This process also helps to create social proof for other potential clients looking for a real estate agent in their specific location.

Here’s an Infographic by Nifty Marketing and AvaLaunch Media that illustrates the components of a well-optimised local landing page:

Local SEO Landing Page

Creating location specific landing pages is a very simple but effective strategy a lot of (multi-location) businesses overlook.

Go ahead and implement them in your local SEO strategy.

Local SEO 33

Video For Local SEO

Use Video To Reach Your Local Audience

Video marketing is a HUGE but under-utilised strategy.

That’s because many local businesses believe video is out of reach.

They think you need high-quality equipment, years of experience and expensive software.

The reality is…you don’t.

Sure, you do need a half-decent camera, a tool to edit the video and some experience in creating video content, but still the barrier to entry is low.

Local Video Strategy

Olga’s suggestion is to answer frequently asked questions on video.
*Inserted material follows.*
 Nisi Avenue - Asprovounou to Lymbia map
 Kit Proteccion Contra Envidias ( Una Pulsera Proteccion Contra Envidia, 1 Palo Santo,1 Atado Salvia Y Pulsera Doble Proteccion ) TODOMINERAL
To do that first brainstorm questions with your sales and customer service teams. Next answer those questions on video:

 

Creating video content can actually be very simple.

Optimising Your Videos:

Olga recommends you include relevant keywords in the title and description of the video which you upload to YouTube.

Whats more:

Go beyond obvious keywords; use colloquial phrases, synonyms and variations for your keyword phrases.
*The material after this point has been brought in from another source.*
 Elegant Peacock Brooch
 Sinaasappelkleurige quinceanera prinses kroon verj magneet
To get the full benefit of the video, next create a transcript and embed the video along with the transcript on your website.

Video for local SEO

Videos are known to increase the time users spend on page which in turn has positive impact on your SEO efforts.

Even if your new page doesn’t appear in the search results at first, your YouTube video has a higher chance of ranking because of the domain authority associated with it.

After publishing the video on YouTube and your website together with written content, go over to Facebook and upload the native video there.

Olga has this suggestion:

“Make sure that the few first seconds of the video grab attention. Come up with a catchy short headline to post along with the video and target it to your local audience (using Facebook advertising) and geo-targeted hashtags as well.”

Local SEO is all about engaging your local audience so that you become relevant and interesting to them.

Video helps you do just that.

Local SEO 34

How To Influence Google Suggest

How To Influence Google Suggest With 1 Cent Bank Deposits

I’ve saved the most creative local SEO strategy till last.

This one comes from Dan Petrovic at Dejan SEO. He offers this strategy:

Guerrilla Local SEO

Let’s say you want to influence queries for the Sydney local area.

Find a common pattern in the bank account format of local numbers for the most common banks.

Examples:

Guerilla Local SEO Marketing Strategy

Google and scrape each variant, for example “sydney BSB 062*” for the Commonwealth Bank.

Next, generate a batch transaction file.

Send everyone variant you have scraped 1 cent with your target search query in your transaction description.

For example: Dan used “SEO DEJAN.”

Congratulations, you’ve just become a bank account spammer.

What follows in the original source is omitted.